- Aim of the task
While you copy the lines below, skip the pictures and keep the rest exact.

- Given data
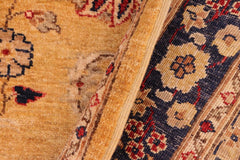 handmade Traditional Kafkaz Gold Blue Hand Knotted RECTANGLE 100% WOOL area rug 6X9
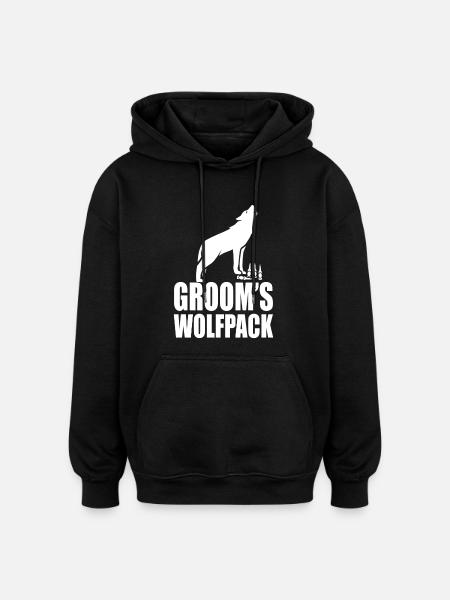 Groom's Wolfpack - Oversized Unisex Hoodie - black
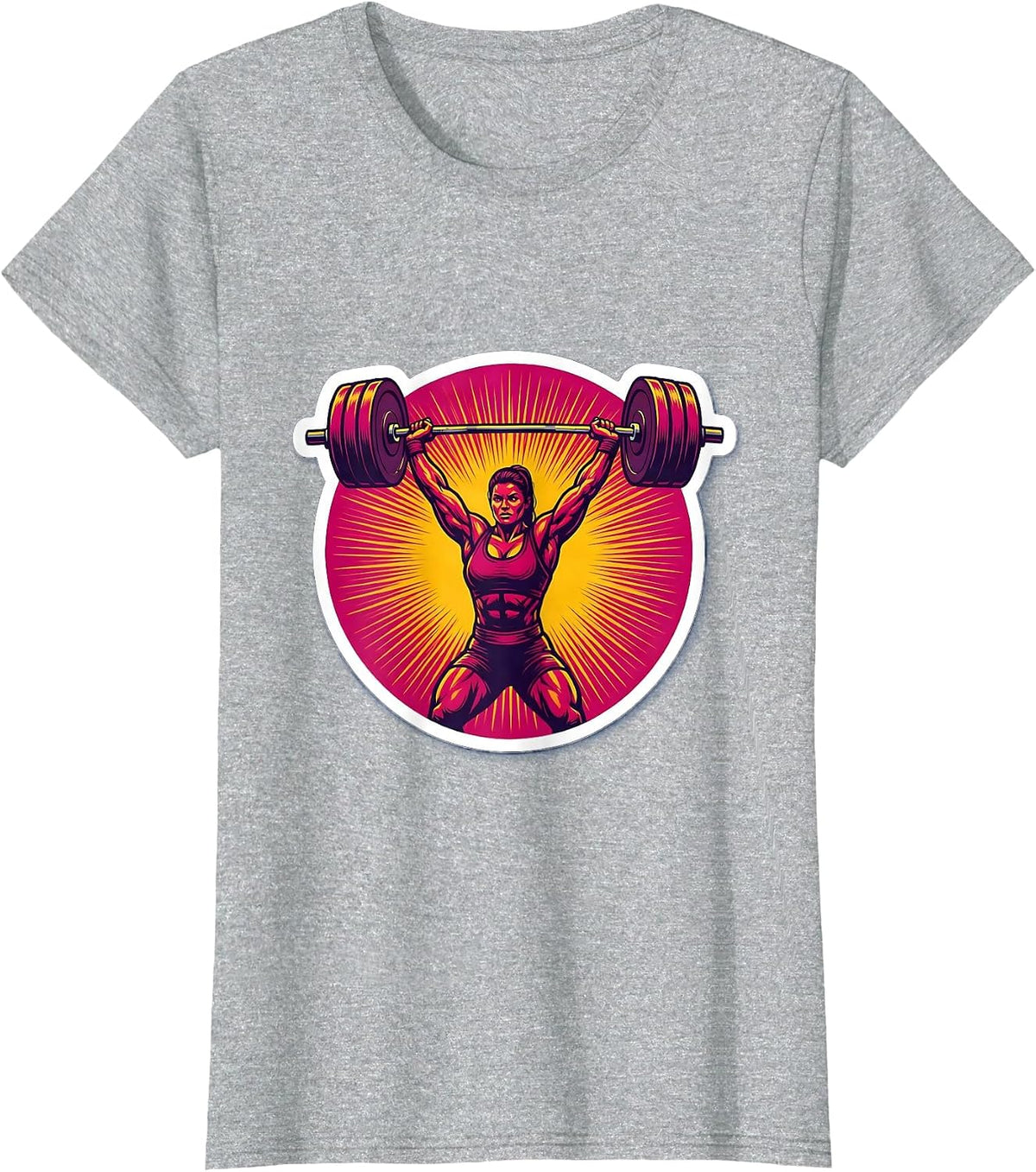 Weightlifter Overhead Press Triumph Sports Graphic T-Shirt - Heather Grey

- The completed task
 handmade Traditional Kafkaz Gold Blue Hand Knotted RECTANGLE 100% WOOL area rug 6X9
 Groom's Wolfpack - Oversized Unisex Hoodie - black
 Weightlifter Overhead Press Triumph Sports Graphic T-Shirt - Heather Grey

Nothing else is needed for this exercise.